Review – Firsby To Spilsby
Great Northern Railway Society Newsletter
Review by Adam Cartwright
The Lincolnshire Wolds Railway Society has been producing short booklets for a few years now – its website currently lists 9 books.
Opened in 1855 the Horncastle branch was highly profitable for many years, helped by the development of Woodhall Spa as a leisure resort; the owning company remained independent until 1923. A slow decline set in and the branch closed to passenger traffic in 1954 though it remained open to goods until 1971, six months after the closure of many East Lincs lines. The main line connection at Woodhall Junction was unusual in that trains had to reverse in order to the bay platform which had no run round facilities. Sadly, little of the old branch still remains; the stations at Horncastle and Woodhall Spa having been demolished. The main buildings at Woodhall junction still stand, being the home of GNRS member Alan Stennett.

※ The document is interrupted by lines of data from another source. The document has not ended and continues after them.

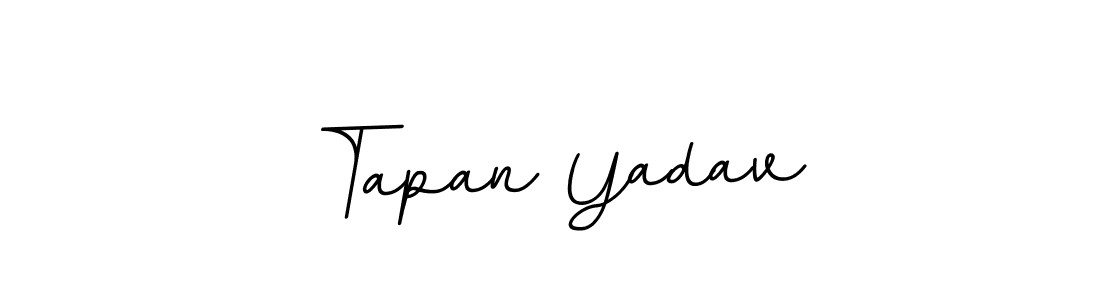 The best way (BallpointsItalic-DORy9) to make a short signature is to pick only two or three words in your name. The name Tapan Yadav include a total of six letters. For converting this name. Tapan Yadav signature style 11 images and pictures png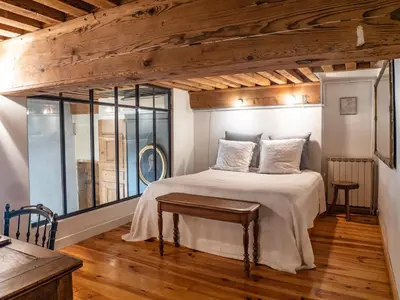 Un ou plusieurs lits dans un hébergement de l'établissement Loft coeur du Vieux Lyon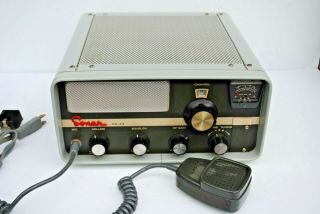 Vintage Sonar Fs23 Cb Radio 23 Channel With Mic,  Power Chord Box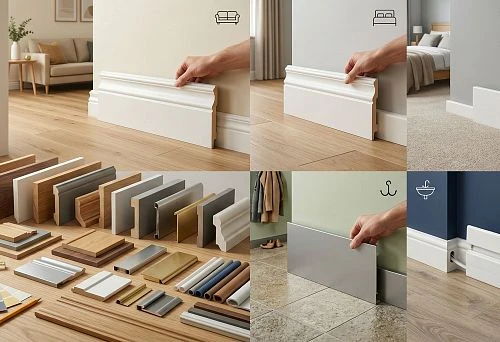 Skirting boards for rooms: choosing a skirting board for the living room, bedroom, hallway, and other spaces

First impressions of the book are excellent; it is well designed and produced and the content doesn’t disappoint either. The highly readable text is basically a précis and update of the same author’s Oakwood Press book on the Horncastle branch published almost 30 years ago. It is supported by excellent photographs, some in colour and many of which are new to me. It is remarkable how much has been packed into such a short book, considering that a small number of photos have been printed over two pages. That is not a criticism, by the way – the images in question are high quality and well worth enlargement. I could not find any errors beyond a few minor grammatical issues.
All in all a highly professional introduction to the Horncastle branch and great value too. I only wish other current publishers would give so much care and attention to publishing standards. I will definitely be buying other books from LWRS – especially because it helps to extend their line south to Louth.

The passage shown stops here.